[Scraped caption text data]
+ + + + +
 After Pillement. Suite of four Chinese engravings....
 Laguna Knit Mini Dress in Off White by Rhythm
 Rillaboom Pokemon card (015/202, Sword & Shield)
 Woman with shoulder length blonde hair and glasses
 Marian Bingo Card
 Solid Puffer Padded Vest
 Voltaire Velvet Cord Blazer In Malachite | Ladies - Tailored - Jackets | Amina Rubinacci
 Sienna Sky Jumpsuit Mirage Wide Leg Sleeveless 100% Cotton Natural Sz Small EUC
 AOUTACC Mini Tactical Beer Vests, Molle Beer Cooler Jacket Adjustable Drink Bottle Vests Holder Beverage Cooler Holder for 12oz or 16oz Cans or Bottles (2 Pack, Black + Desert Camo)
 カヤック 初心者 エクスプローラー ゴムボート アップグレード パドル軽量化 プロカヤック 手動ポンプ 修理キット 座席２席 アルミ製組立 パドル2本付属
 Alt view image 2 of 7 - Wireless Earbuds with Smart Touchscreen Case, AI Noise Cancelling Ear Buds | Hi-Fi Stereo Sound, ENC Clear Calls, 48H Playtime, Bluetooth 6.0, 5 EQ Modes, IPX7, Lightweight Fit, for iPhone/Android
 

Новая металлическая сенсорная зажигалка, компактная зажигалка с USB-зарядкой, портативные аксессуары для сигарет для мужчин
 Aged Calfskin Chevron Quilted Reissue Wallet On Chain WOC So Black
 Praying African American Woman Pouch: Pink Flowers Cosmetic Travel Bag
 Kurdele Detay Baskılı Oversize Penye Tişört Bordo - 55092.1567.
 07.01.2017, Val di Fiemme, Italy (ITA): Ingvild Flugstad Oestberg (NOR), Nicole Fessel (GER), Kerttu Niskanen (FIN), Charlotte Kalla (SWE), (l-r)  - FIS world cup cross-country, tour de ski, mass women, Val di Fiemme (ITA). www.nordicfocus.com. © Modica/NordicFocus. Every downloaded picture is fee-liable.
+ + + + +
What you will do: What is needed is an exact copy of every entry above.

Finished task:
 After Pillement. Suite of four Chinese engravings....
 Laguna Knit Mini Dress in Off White by Rhythm
 Rillaboom Pokemon card (015/202, Sword & Shield)
 Woman with shoulder length blonde hair and glasses
 Marian Bingo Card
 Solid Puffer Padded Vest
 Voltaire Velvet Cord Blazer In Malachite | Ladies - Tailored - Jackets | Amina Rubinacci
 Sienna Sky Jumpsuit Mirage Wide Leg Sleeveless 100% Cotton Natural Sz Small EUC
 AOUTACC Mini Tactical Beer Vests, Molle Beer Cooler Jacket Adjustable Drink Bottle Vests Holder Beverage Cooler Holder for 12oz or 16oz Cans or Bottles (2 Pack, Black + Desert Camo)
 カヤック 初心者 エクスプローラー ゴムボート アップグレード パドル軽量化 プロカヤック 手動ポンプ 修理キット 座席２席 アルミ製組立 パドル2本付属
 Alt view image 2 of 7 - Wireless Earbuds with Smart Touchscreen Case, AI Noise Cancelling Ear Buds | Hi-Fi Stereo Sound, ENC Clear Calls, 48H Playtime, Bluetooth 6.0, 5 EQ Modes, IPX7, Lightweight Fit, for iPhone/Android
 

Новая металлическая сенсорная зажигалка, компактная зажигалка с USB-зарядкой, портативные аксессуары для сигарет для мужчин
 Aged Calfskin Chevron Quilted Reissue Wallet On Chain WOC So Black
 Praying African American Woman Pouch: Pink Flowers Cosmetic Travel Bag
 Kurdele Detay Baskılı Oversize Penye Tişört Bordo - 55092.1567.
 07.01.2017, Val di Fiemme, Italy (ITA): Ingvild Flugstad Oestberg (NOR), Nicole Fessel (GER), Kerttu Niskanen (FIN), Charlotte Kalla (SWE), (l-r)  - FIS world cup cross-country, tour de ski, mass women, Val di Fiemme (ITA). www.nordicfocus.com. © Modica/NordicFocus. Every downloaded picture is fee-liable.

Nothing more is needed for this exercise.